» THE DATA:
=== Begin Enclosure ===

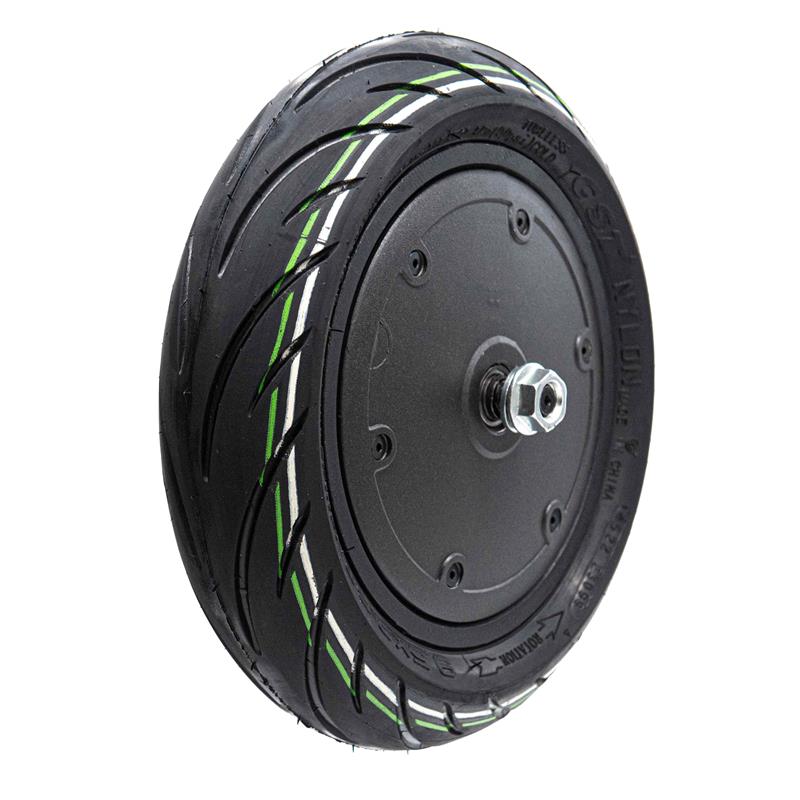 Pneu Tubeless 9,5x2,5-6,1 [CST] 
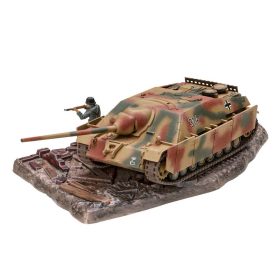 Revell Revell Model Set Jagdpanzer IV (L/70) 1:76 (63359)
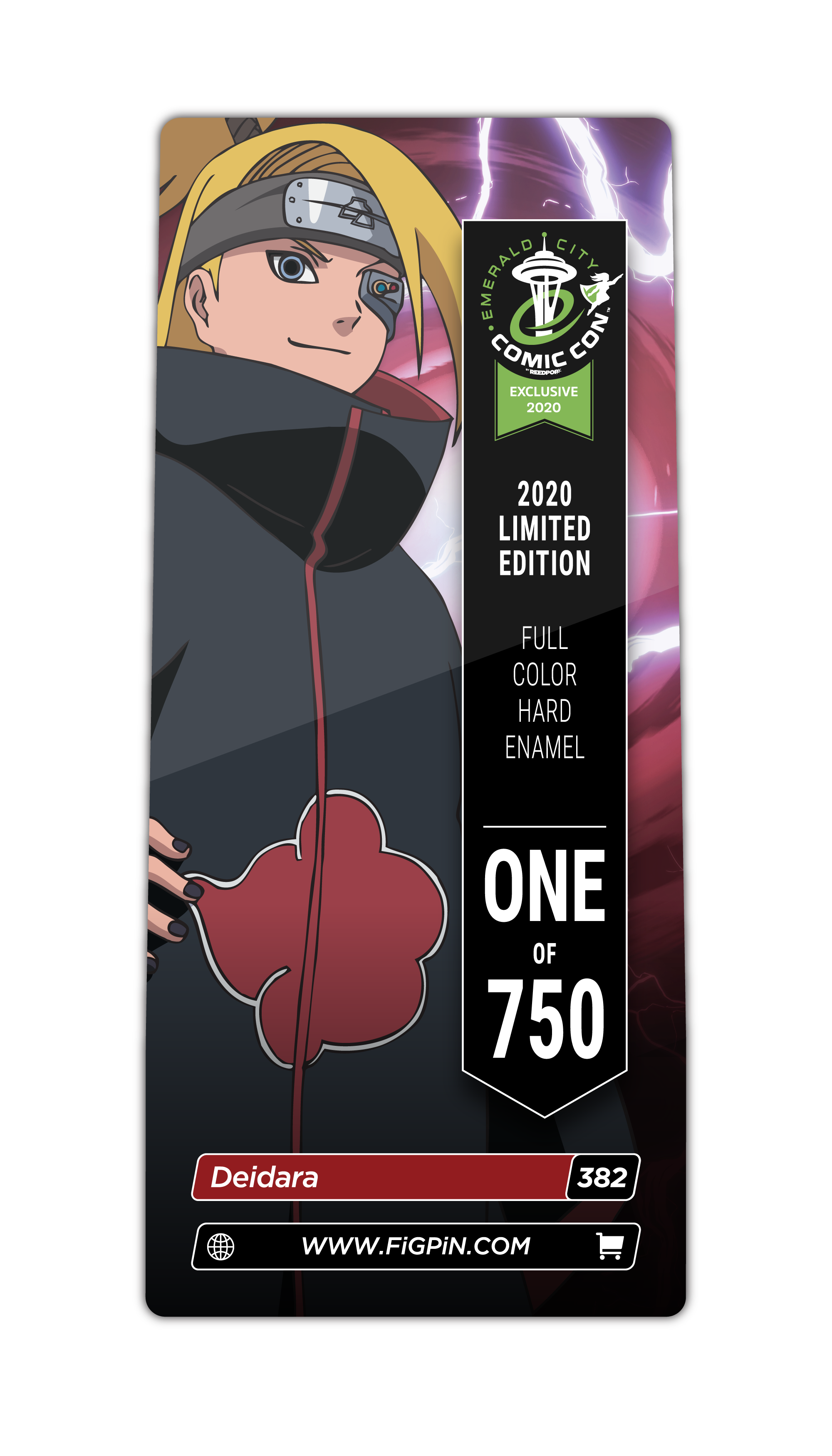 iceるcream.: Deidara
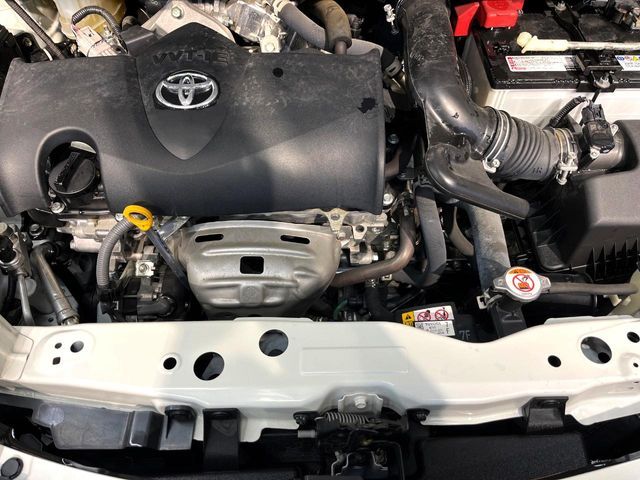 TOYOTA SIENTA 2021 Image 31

=== End Enclosure ===

A faithful transcription of the material, with no pictures, is the expected result.

» TASK OUTPUT:
 Pneu Tubeless 9,5x2,5-6,1 [CST] 
 Revell Revell Model Set Jagdpanzer IV (L/70) 1:76 (63359)
 iceるcream.: Deidara
 TOYOTA SIENTA 2021 Image 31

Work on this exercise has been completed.